Niat hati ingin meraup jutaan rupiah dengan menakut-nakuti pelaksana proyek lewat berita, HI dan HA justru berakhir di sel tahanan Polres Pesawaran.
Kedua pelaku tak berkutik setelah Satuan Reserse Kriminal (Satreskrim) Polres Pesawaran menggelar operasi tangkap tangan gunakan menghentikan praktik premanisme berkedok jurnalistik yang meresahkan tersebut pada Kamis, 29 Januari 2026 lalu.
Jual Berita Miring
Kapolres Pesawaran, AKBP Alvie Granito Panditha, menjelaskan bahwa kasus ini bermula dari intimidasi yang dilancarkan pelaku HI.
Ia membidik proyek pembangunan Instalasi Gawat Darurat (IGD) di salah satu rumah sakit setempat sebagai sasaran empuk.
Modusnya terbilang klasik namun efektif menekan psikologis korban.
HI menulis berita negatif terkait proyek tersebut, lalu menjadikannya senjata tawar-menawar.

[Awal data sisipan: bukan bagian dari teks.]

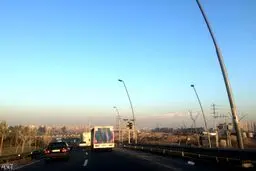 تصویری از حجم آلودگی هوای تهران در حوالی شهرری،جنوب به شمال اتوبان امام علی(ع)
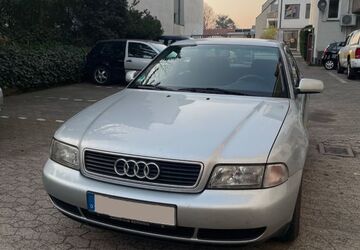 Audi A4 141.000 km 2.200 &euro; Bielefeld 33613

Ancaman utamanya adalah menyebarluaskan berita itu secara masif jika permintaan uang tidak dipenuhi.
“Korban dibuat tidak tenang. Pelaku memosisikan diri seolah-olah bisa meredam berita asal ada uang pelicin,” ungkap Alvie, Selasa, 3 Februari 2026..
Dalam aksinya, pelaku sempat mematok harga damai sebesar Rp10 juta.
Korban yang merasa tertekan sempat mencoba bernegosiasi hingga angka tersebut menyusut menjadi Rp5 juta.
Karena ketakutan, korban bahkan sudah menyetor uang muka (DP) senilai Rp2,5 juta.
Namun, bukannya berhenti, pelaku justru makin gencar menagih sisa pelunasan. Merasa diperas habis-habisan, korban akhirnya melapor ke polisi.
Laporan itu direspons cepat. Polisi merancang skenario penyerahan sisa uang pelunasan untuk memancing pelaku keluar dari sarangnya.
Siasat polisi membuahkan hasil. Pelaku HA, yang bertugas sebagai eksekutor lapangan, masuk perangkap saat hendak mengambil amplop berisi sisa uang Rp2,5 juta.
Ia langsung diringkus tanpa perlawanan berarti.
“HA ini berperan membantu mengambil uang, sementara otaknya adalah HI yang mengatur komunikasi dari balik layar,” jelas Kapolres.
Berbekal nyanyian HA, tim opsnal langsung bergerak memburu HI.
Hanya berselang beberapa jam, HI berhasil diciduk di kediamannya di kawasan Gedong Tataan.
Yang mengejutkan, dalam penggeledahan itu polisi menemukan sebilah senjata tajam yang diduga digunakan untuk memuluskan aksi intimidasi mereka.
Kini, kedua pelaku harus mengubur mimpi menikmati uang panas tersebut.
Mereka ditahan di Mapolres Pesawaran dan dijerat pasal pemerasan dalam KUHP dengan ancaman pidana penjara.